Associer le redressement des comptes publics avec la relance de la production relève de la bonne politique économique, et ce choix de présentation mérite d’être souligné. La croissance doit être le levier privilégié pour équilibrer nos comptes publics, d’autant que la France dispose d’un potentiel productif sous exploité.
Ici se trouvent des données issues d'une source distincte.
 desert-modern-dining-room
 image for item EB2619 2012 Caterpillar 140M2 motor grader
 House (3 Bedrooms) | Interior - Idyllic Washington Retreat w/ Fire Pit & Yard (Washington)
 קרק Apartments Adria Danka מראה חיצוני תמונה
Le déficit de quantité de travail, tant en taux d’emploi qu’en heures travaillées par personne en emploi, représente selon nos estimations plusieurs points de PIB mobilisables à long terme. La suppression de deux jours fériés compte parmi les solutions au déficit d’heures travaillées par les personnes en emploi parmi d’autres pistes qui mériteraient d’être discutées (monétisation des RTT et des congés payés, incitation au recours aux heures supplémentaires ou complémentaires par les employeurs). Les annonces de futures réformes de l’assurance chômage, du droit de travail, des revenus de solidarité, du financement du modèle social indiquent des leviers utiles pour mobiliser davantage le travail, qu’il faudra concrétiser.
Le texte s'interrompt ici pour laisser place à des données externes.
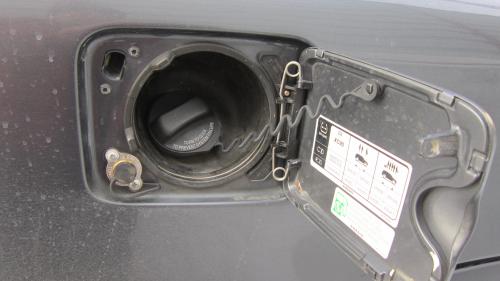 заправочный в лючок бензобака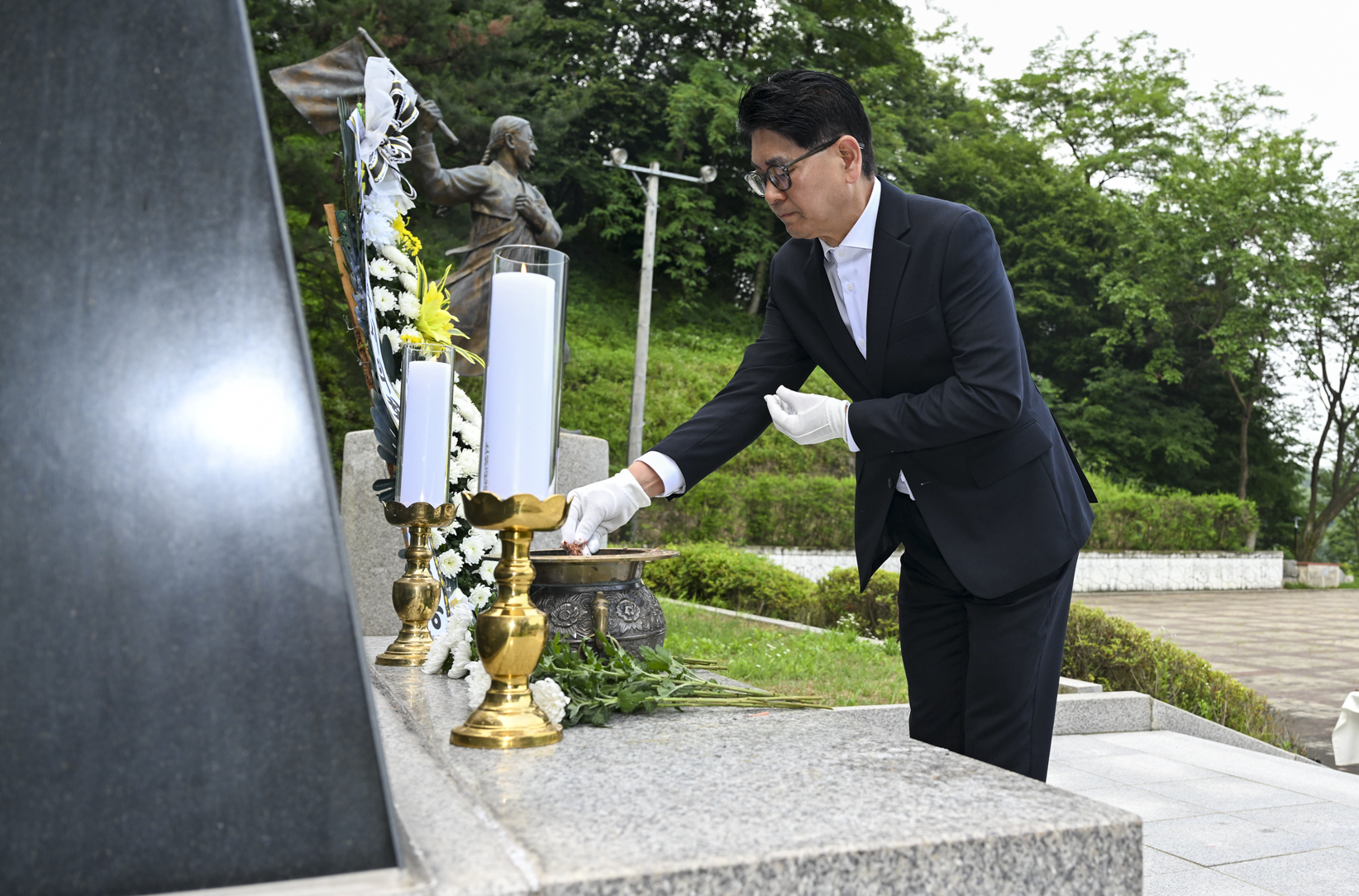 제10대 의정부시의회 현충탑 참배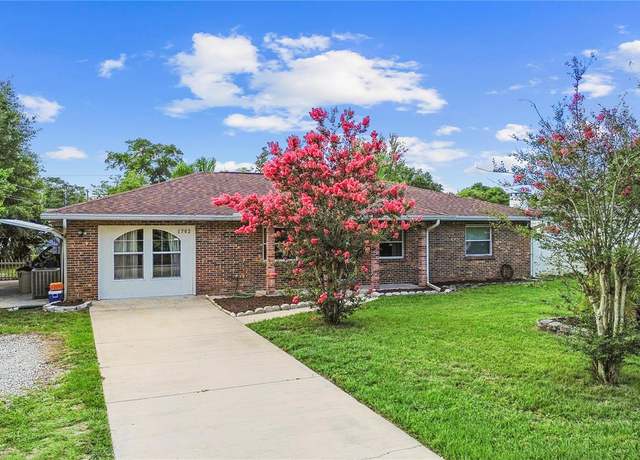 Property at 1702 Palmetto Ave, Deland, FL 32724, 3 beds, 2 baths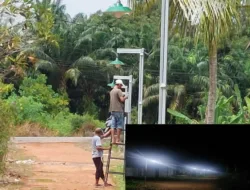 Terangi Malam Hadirkan Rasa Aman, Dosen UBB Pasang Lampu Jalan Tenaga Surya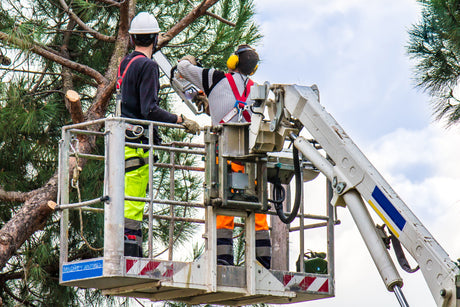 how boom lifts work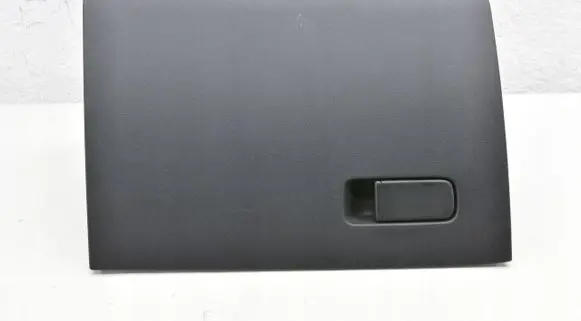 MG ZS Glove box 10969371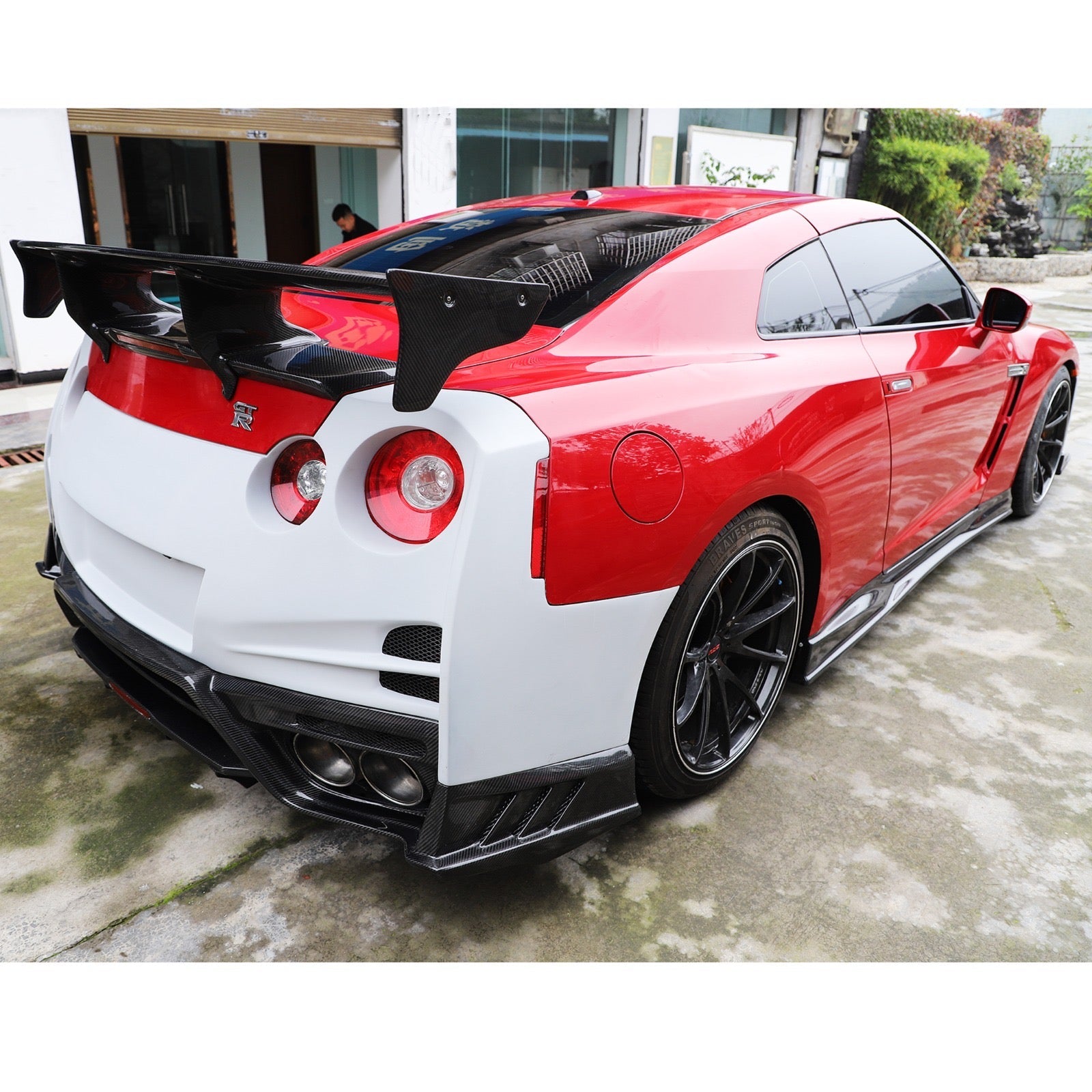 TS Style Full Carbon Body Aero Kit - Nissan GTR R35.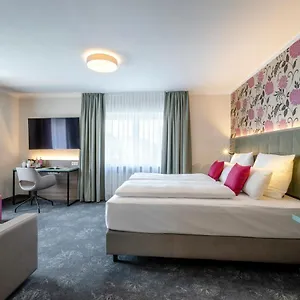 *** Szálloda Boutique Erb Muenchen Parsdorf Németország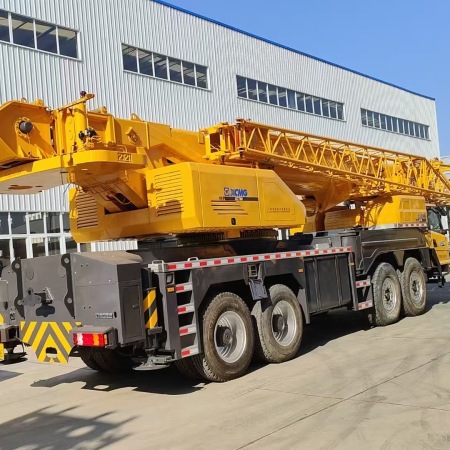 徐工XCT80汽车起重机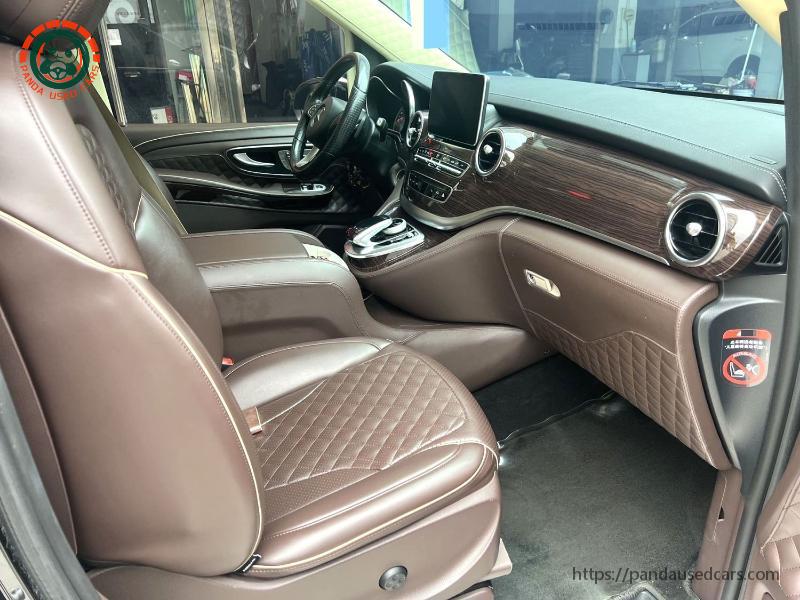 Mercedes-Benz Mercedes-Benz 2018 V-Class V 260 L 2.0T Exclusive Long Wheelbase Edition AT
Un angle mort demeure dans le plan du premier ministre : une nouvelle étape nécessaire dans l’allongement de la durée de la vie active, en miroir de celui de l’espérance de vie.
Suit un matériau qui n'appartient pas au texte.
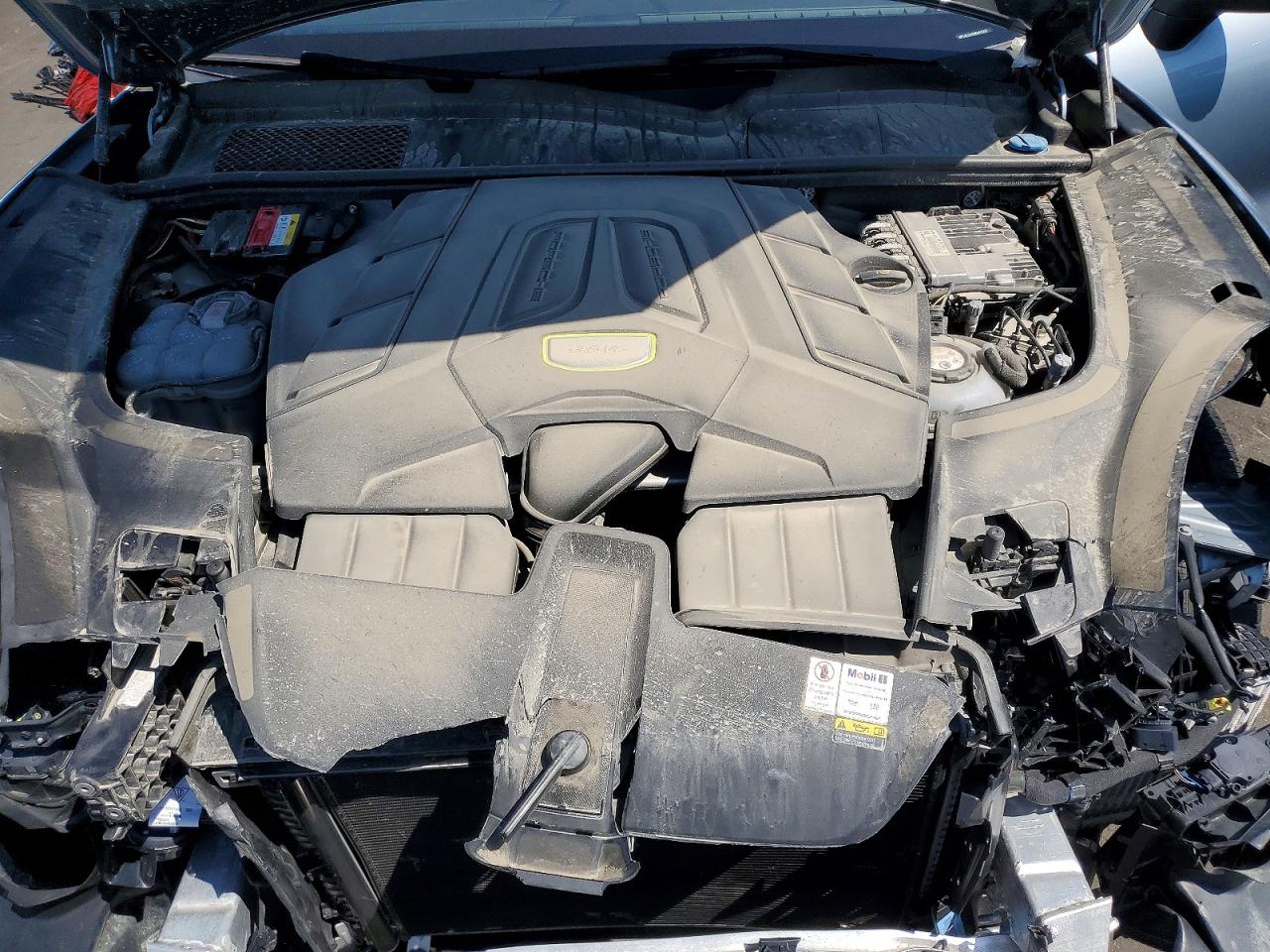 2022 Porsche Cayenne VIN WP1BE2AY8NDA51058 photo 12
Simplifier, investir dans l’énergie décarbonée pilotable et peu chère, amener l’épargne vers les investissements risqués et innovants, développer les compétences scientifiques, accompagner nos points forts et corriger nos faiblesses à l’exportation sont autant de directions énumérées par le Premier ministre, qu’il faudra organiser et compléter dans une stratégie de l’offre productive et dans une ampleur plus importante que celle qui ressort du plan annoncé. Le plan présenté par le Premier ministre manque en ceci de vision de moyen terme, ce qui affaiblit sa portée. L’impasse faite sur la transition écologique et sur le financement des investissements nécessaires à celle-ci en constitue un angle mort compte tenu de leur incidence à venir sur l’économie et sur les finances publiques.